[Short descriptive text snippets]
┄┄┄┄┄┄┄┄┄┄┄┄┄┄┄┄┄┄┄┄

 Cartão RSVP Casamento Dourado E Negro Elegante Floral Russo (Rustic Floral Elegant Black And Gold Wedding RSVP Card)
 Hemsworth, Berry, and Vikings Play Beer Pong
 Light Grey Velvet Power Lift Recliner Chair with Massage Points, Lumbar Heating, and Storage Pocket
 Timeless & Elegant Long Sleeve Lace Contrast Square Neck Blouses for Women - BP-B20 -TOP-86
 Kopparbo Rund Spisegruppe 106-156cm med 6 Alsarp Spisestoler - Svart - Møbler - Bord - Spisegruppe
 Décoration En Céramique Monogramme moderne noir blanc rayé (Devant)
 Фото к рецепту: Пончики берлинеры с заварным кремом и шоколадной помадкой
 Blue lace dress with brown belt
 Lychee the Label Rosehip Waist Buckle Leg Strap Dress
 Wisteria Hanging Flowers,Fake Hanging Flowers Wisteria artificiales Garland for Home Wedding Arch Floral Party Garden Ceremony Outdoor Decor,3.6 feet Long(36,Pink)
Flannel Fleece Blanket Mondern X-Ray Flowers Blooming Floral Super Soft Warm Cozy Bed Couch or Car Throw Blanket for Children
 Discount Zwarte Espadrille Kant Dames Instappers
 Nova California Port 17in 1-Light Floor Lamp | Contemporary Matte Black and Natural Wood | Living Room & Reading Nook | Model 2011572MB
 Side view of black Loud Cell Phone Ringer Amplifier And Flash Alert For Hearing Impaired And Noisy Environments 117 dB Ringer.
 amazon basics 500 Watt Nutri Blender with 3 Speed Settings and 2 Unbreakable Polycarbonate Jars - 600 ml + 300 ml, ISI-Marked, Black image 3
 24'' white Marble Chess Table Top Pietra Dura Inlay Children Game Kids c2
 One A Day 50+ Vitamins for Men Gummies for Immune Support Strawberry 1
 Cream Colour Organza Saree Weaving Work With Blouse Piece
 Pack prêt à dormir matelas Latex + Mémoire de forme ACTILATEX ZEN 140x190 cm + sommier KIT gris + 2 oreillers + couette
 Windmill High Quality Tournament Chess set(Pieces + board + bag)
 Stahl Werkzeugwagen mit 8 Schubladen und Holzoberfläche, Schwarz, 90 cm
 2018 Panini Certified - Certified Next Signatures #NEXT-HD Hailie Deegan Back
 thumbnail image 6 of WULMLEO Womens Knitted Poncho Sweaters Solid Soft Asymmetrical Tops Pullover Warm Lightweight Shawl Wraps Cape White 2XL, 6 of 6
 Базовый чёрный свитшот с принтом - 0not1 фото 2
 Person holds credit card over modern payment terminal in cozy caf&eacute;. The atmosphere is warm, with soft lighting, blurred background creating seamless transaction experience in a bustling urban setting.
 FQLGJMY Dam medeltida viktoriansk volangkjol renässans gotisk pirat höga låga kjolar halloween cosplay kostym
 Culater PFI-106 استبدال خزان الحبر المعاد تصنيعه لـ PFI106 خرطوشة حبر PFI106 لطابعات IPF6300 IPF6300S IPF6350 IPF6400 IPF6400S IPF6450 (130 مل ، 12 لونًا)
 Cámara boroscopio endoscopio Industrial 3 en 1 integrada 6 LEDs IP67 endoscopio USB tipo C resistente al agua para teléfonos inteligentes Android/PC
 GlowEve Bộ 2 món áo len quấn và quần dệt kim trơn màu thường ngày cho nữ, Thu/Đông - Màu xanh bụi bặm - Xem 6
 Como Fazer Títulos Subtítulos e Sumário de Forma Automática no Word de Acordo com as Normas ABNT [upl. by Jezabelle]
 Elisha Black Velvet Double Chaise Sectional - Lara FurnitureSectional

┄┄┄┄┄┄┄┄┄┄┄┄┄┄┄┄┄┄┄┄

**Goal of the exercise**
Starting from the data above, filter for lines with "image" and copy each one.

**Task output**
 amazon basics 500 Watt Nutri Blender with 3 Speed Settings and 2 Unbreakable Polycarbonate Jars - 600 ml + 300 ml, ISI-Marked, Black image 3
 thumbnail image 6 of WULMLEO Womens Knitted Poncho Sweaters Solid Soft Asymmetrical Tops Pullover Warm Lightweight Shawl Wraps Cape White 2XL, 6 of 6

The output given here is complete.